(Short web captions)
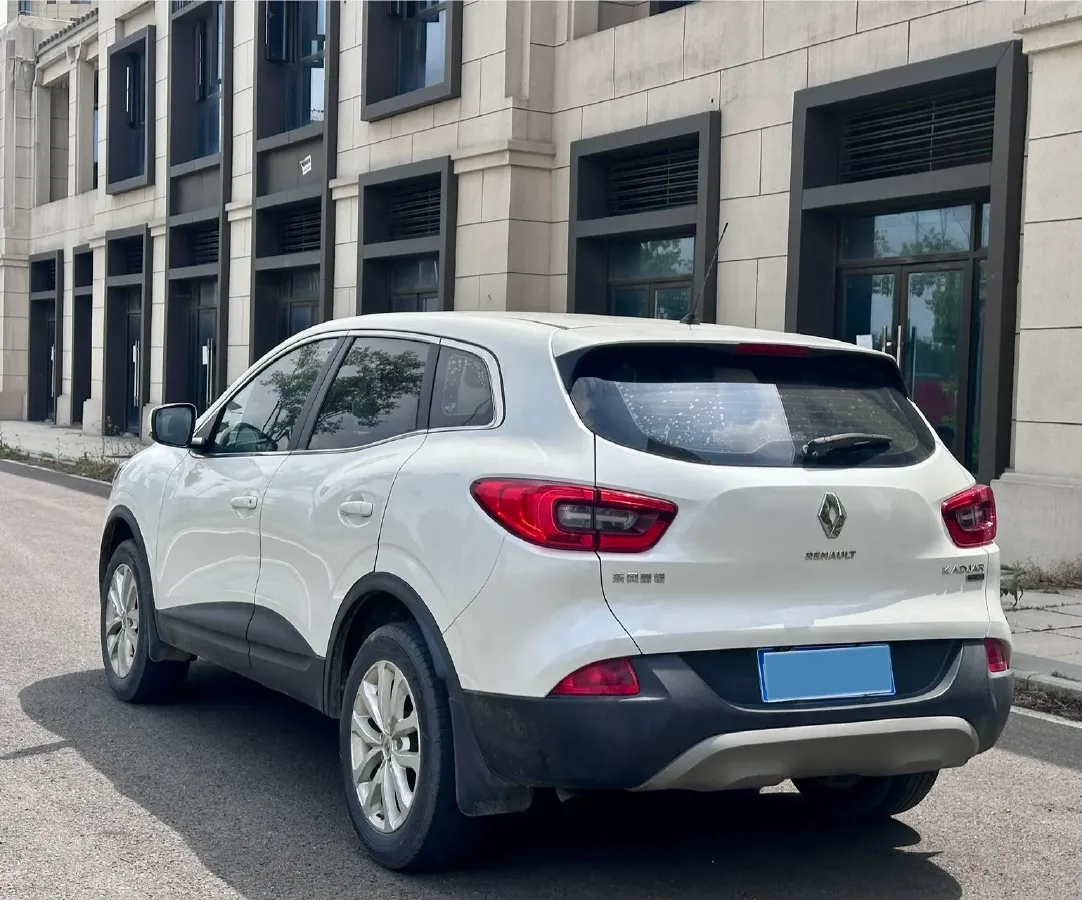 2017 Renault Kadjar 2.0L 150HP L4 CVT,autocango,china used car exporter,china ev exporter,chinese used car exporter,chinese used ev exporter
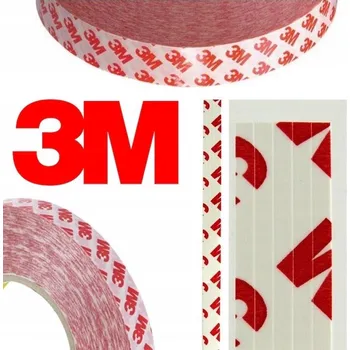 Lepicí páska OBOUSTRANNÁ MONTÁŽNÍ PÁSKA 2MM DÉLKA 150CM 3M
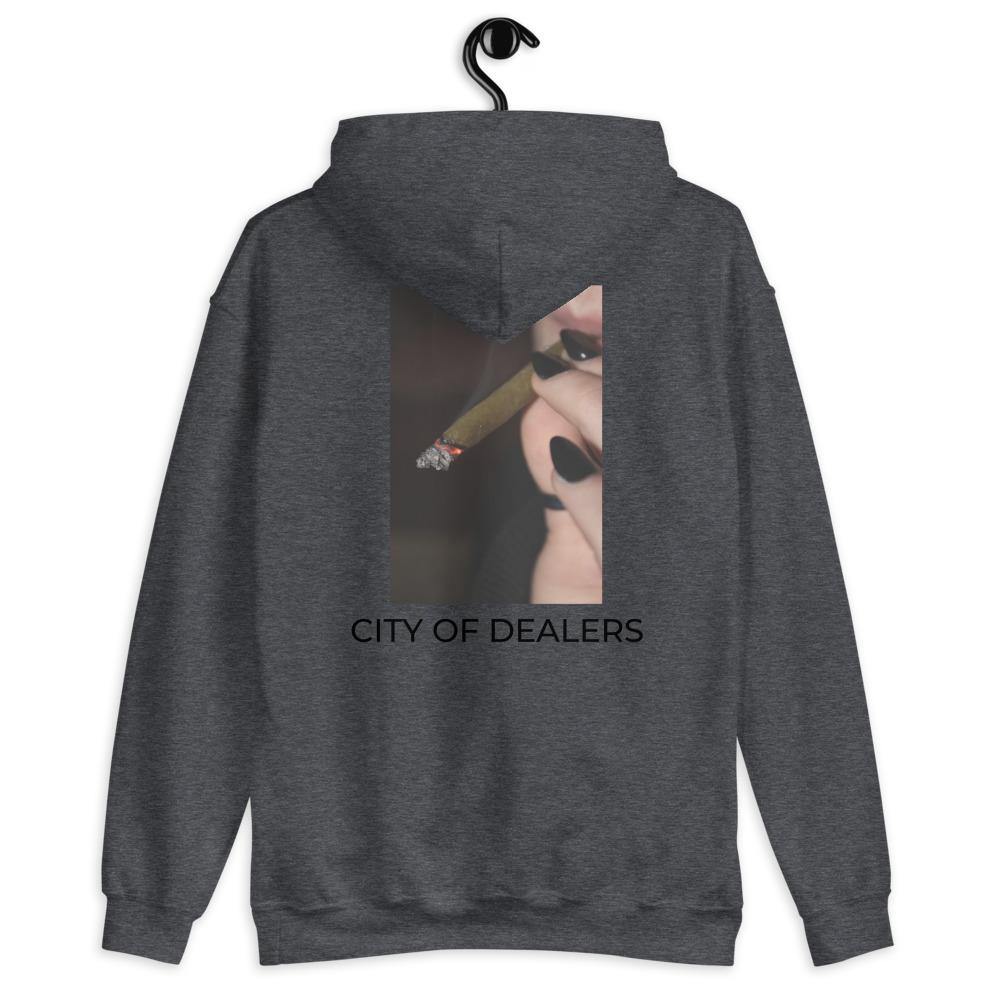 Prag Graphic Hoodie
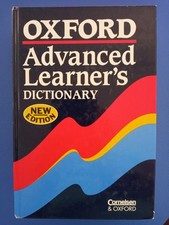 Oxford Advanced Learner's Dictionary - 5. Auflage von 1995
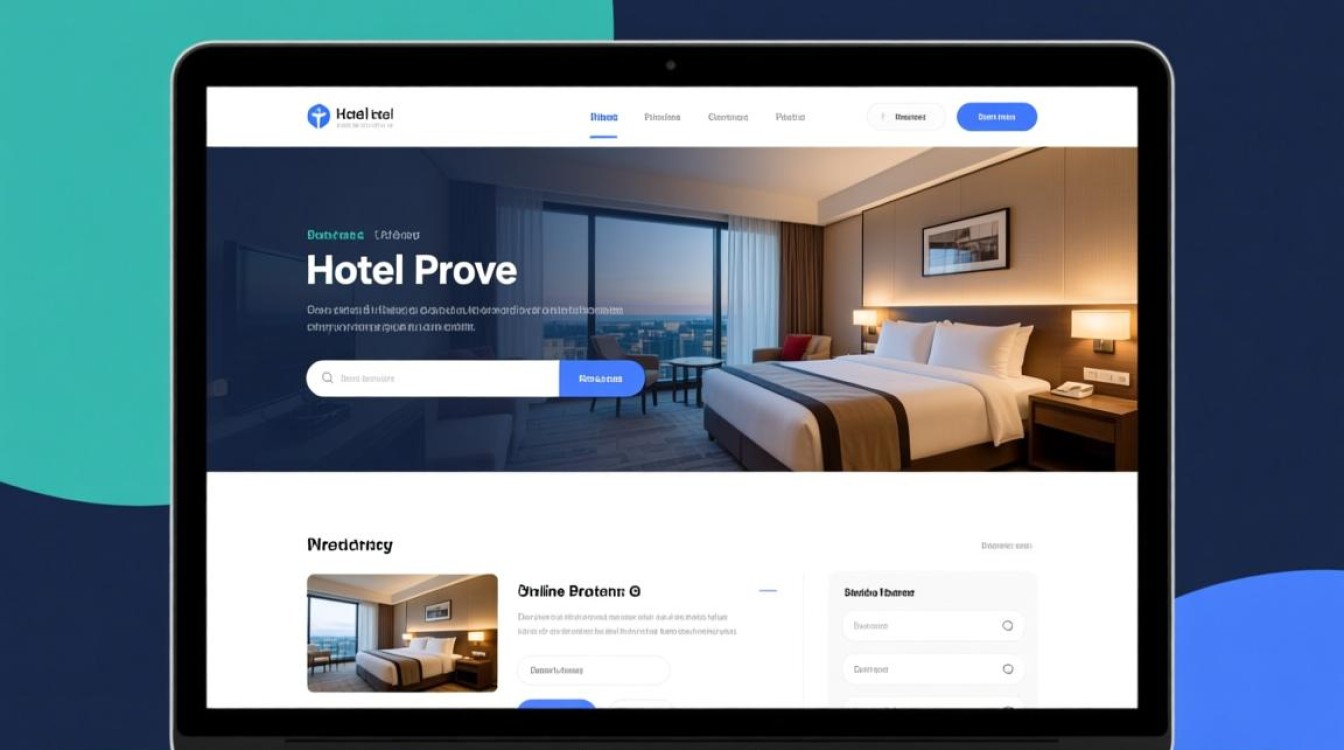 Java酒店预订项目核心功能如何实现？-好主机测评网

* [What is being asked]: Reproduce all of the entries exactly as they appear, though any picture they include must be omitted.

* [Problem solution]:
 2017 Renault Kadjar 2.0L 150HP L4 CVT,autocango,china used car exporter,china ev exporter,chinese used car exporter,chinese used ev exporter
 Lepicí páska OBOUSTRANNÁ MONTÁŽNÍ PÁSKA 2MM DÉLKA 150CM 3M
 Prag Graphic Hoodie
 Oxford Advanced Learner's Dictionary - 5. Auflage von 1995
 Java酒店预订项目核心功能如何实现？-好主机测评网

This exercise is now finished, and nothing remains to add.